* BRIEF *
Copy out exactly, from the entries that follow, the line holding "Sevimli küçük kız", the line holding "Un espacio exterior", and all lines between them, but no pictures.
*** RECORDS FOR THE TASK ***
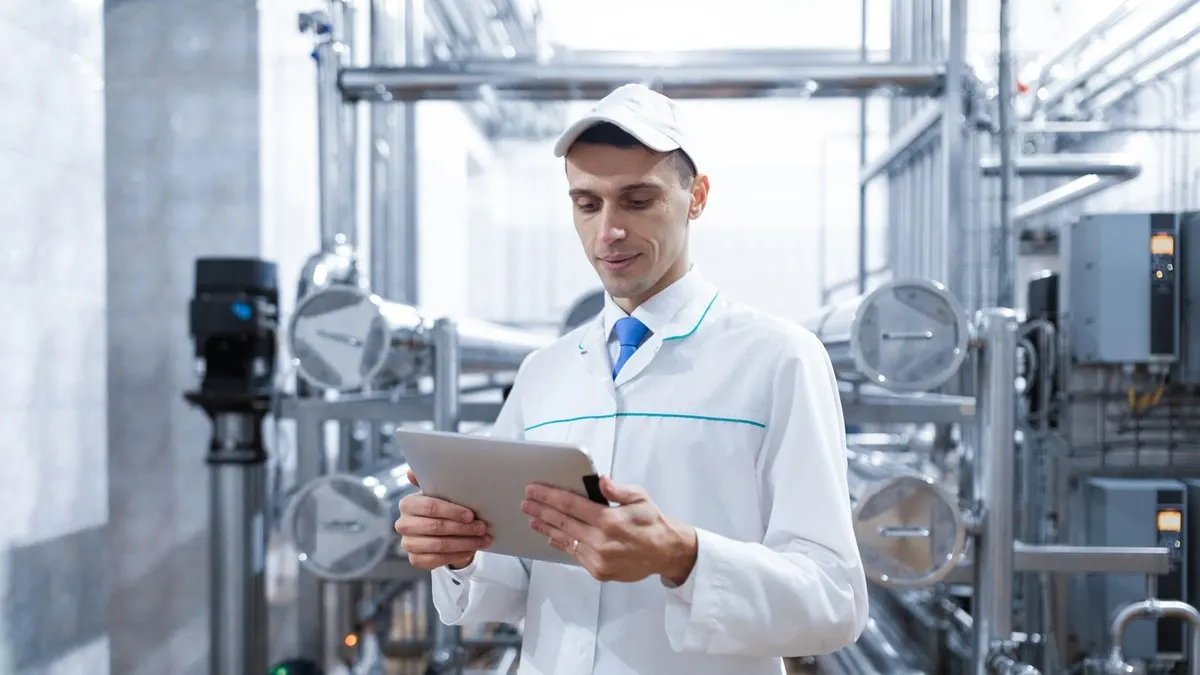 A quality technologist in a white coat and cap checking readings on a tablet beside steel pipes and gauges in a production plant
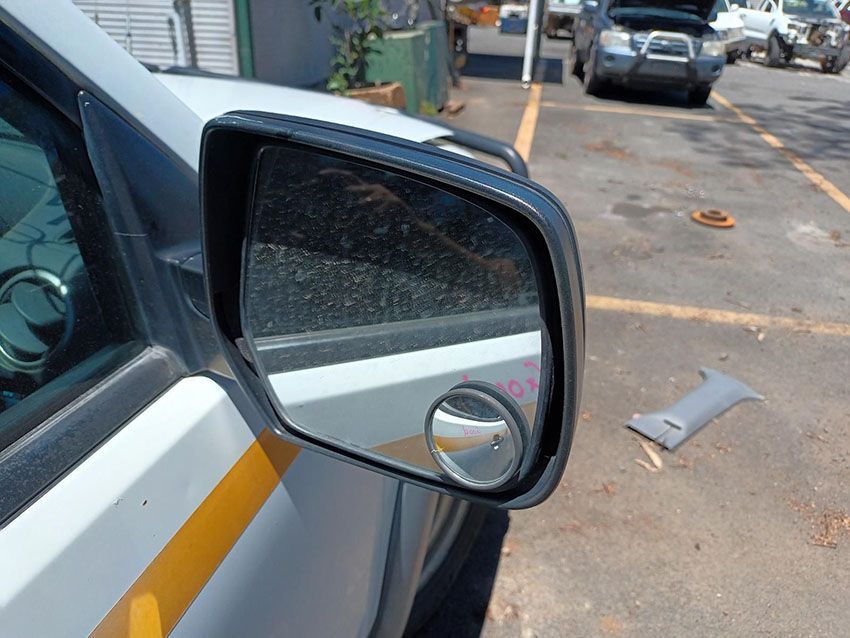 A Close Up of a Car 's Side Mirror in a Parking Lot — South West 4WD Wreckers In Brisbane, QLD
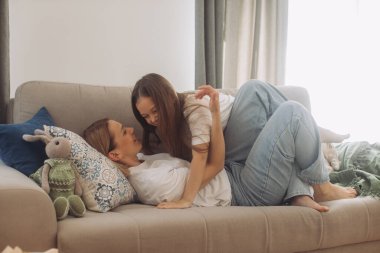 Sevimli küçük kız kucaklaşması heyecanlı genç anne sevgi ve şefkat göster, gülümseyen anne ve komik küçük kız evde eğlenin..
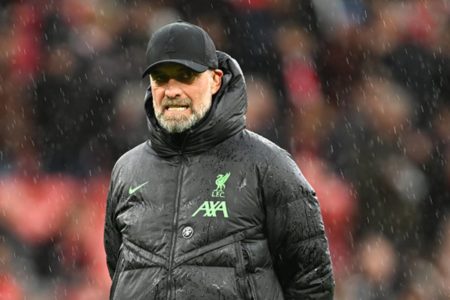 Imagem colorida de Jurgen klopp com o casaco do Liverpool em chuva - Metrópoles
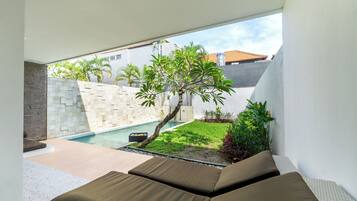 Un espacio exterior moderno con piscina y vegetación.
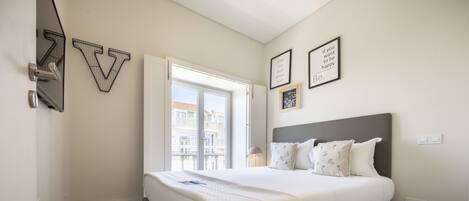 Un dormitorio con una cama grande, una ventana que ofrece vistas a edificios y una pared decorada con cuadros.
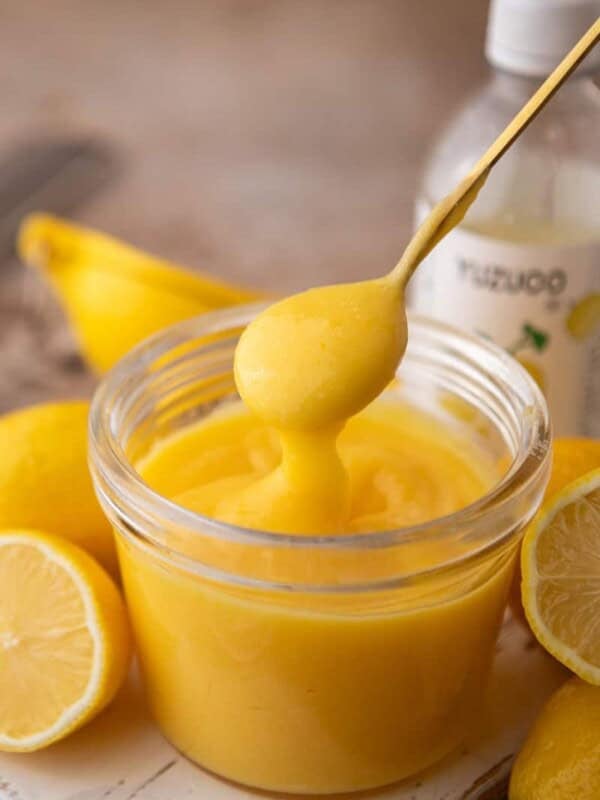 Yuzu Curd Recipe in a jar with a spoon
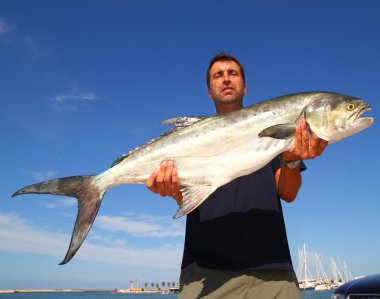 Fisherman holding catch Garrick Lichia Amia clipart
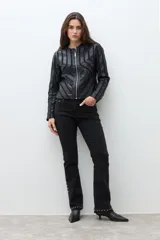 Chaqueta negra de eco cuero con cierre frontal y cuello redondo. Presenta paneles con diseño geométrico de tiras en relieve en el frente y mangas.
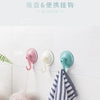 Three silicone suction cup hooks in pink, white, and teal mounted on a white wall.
*** End of RECORDS FOR THE TASK ***
* OUTPUT *
 Sevimli küçük kız kucaklaşması heyecanlı genç anne sevgi ve şefkat göster, gülümseyen anne ve komik küçük kız evde eğlenin..
 Imagem colorida de Jurgen klopp com o casaco do Liverpool em chuva - Metrópoles
 Un espacio exterior moderno con piscina y vegetación.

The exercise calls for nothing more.